### Task goal
What you return must match the entries exactly, except that the pictures are gone.

### Available data
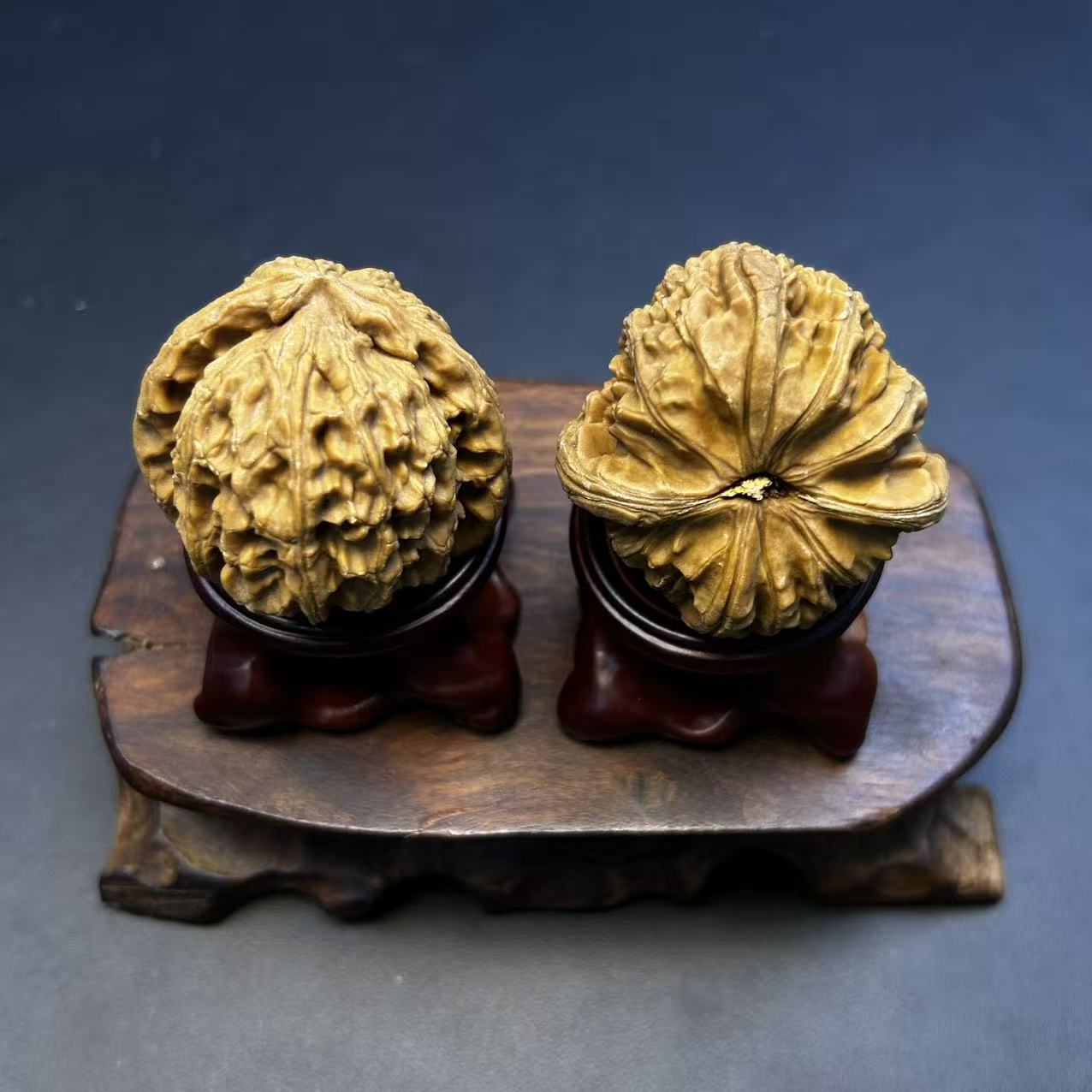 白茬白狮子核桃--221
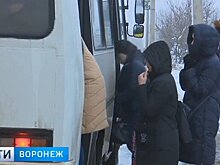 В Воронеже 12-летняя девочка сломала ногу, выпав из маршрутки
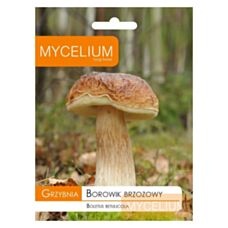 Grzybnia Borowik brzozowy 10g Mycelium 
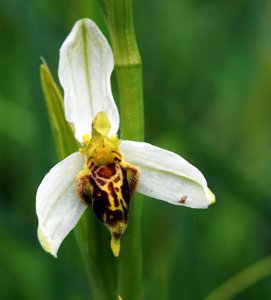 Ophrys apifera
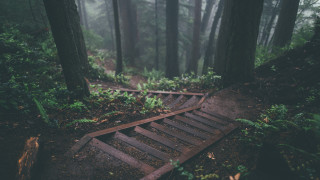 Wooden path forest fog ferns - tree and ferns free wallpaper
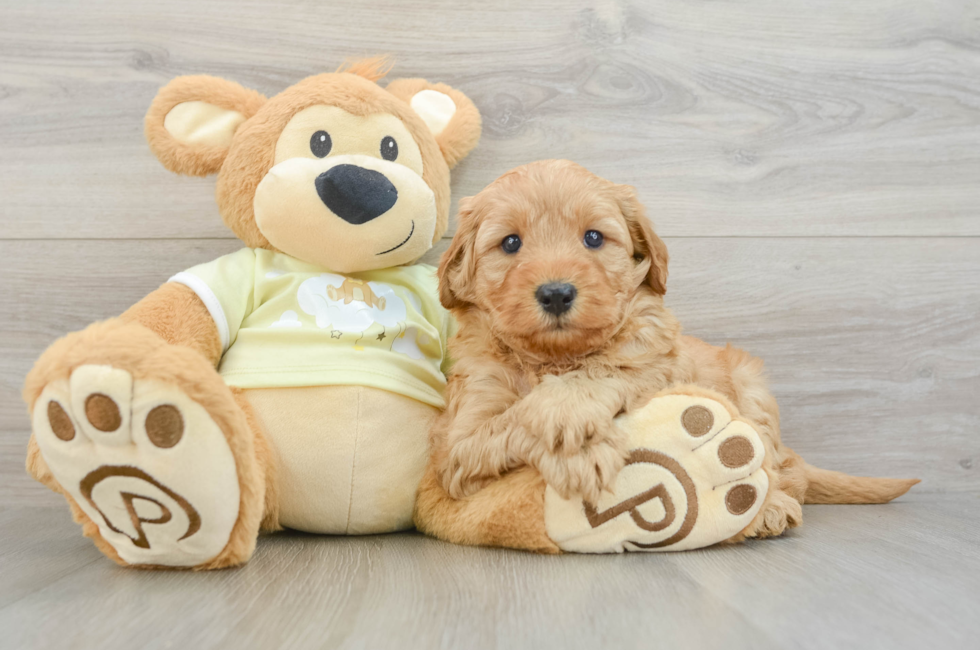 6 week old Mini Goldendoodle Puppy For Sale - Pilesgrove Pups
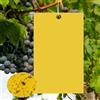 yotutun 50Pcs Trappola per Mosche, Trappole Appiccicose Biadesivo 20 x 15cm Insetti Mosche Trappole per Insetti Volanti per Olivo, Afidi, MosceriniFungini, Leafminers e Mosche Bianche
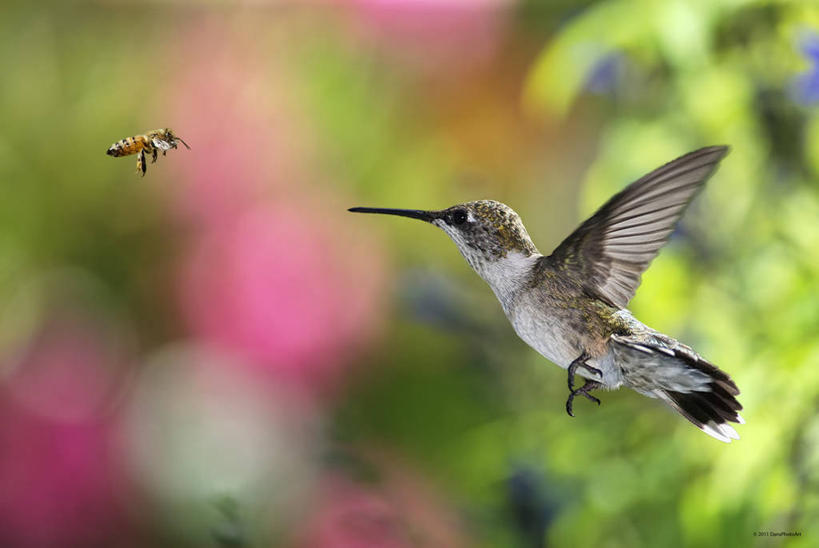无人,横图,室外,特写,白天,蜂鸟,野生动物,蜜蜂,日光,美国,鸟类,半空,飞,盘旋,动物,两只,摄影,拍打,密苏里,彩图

### Answer area
 白茬白狮子核桃--221
 В Воронеже 12-летняя девочка сломала ногу, выпав из маршрутки
 Grzybnia Borowik brzozowy 10g Mycelium 
 Ophrys apifera
 Wooden path forest fog ferns - tree and ferns free wallpaper
 6 week old Mini Goldendoodle Puppy For Sale - Pilesgrove Pups
 yotutun 50Pcs Trappola per Mosche, Trappole Appiccicose Biadesivo 20 x 15cm Insetti Mosche Trappole per Insetti Volanti per Olivo, Afidi, MosceriniFungini, Leafminers e Mosche Bianche
无人,横图,室外,特写,白天,蜂鸟,野生动物,蜜蜂,日光,美国,鸟类,半空,飞,盘旋,动物,两只,摄影,拍打,密苏里,彩图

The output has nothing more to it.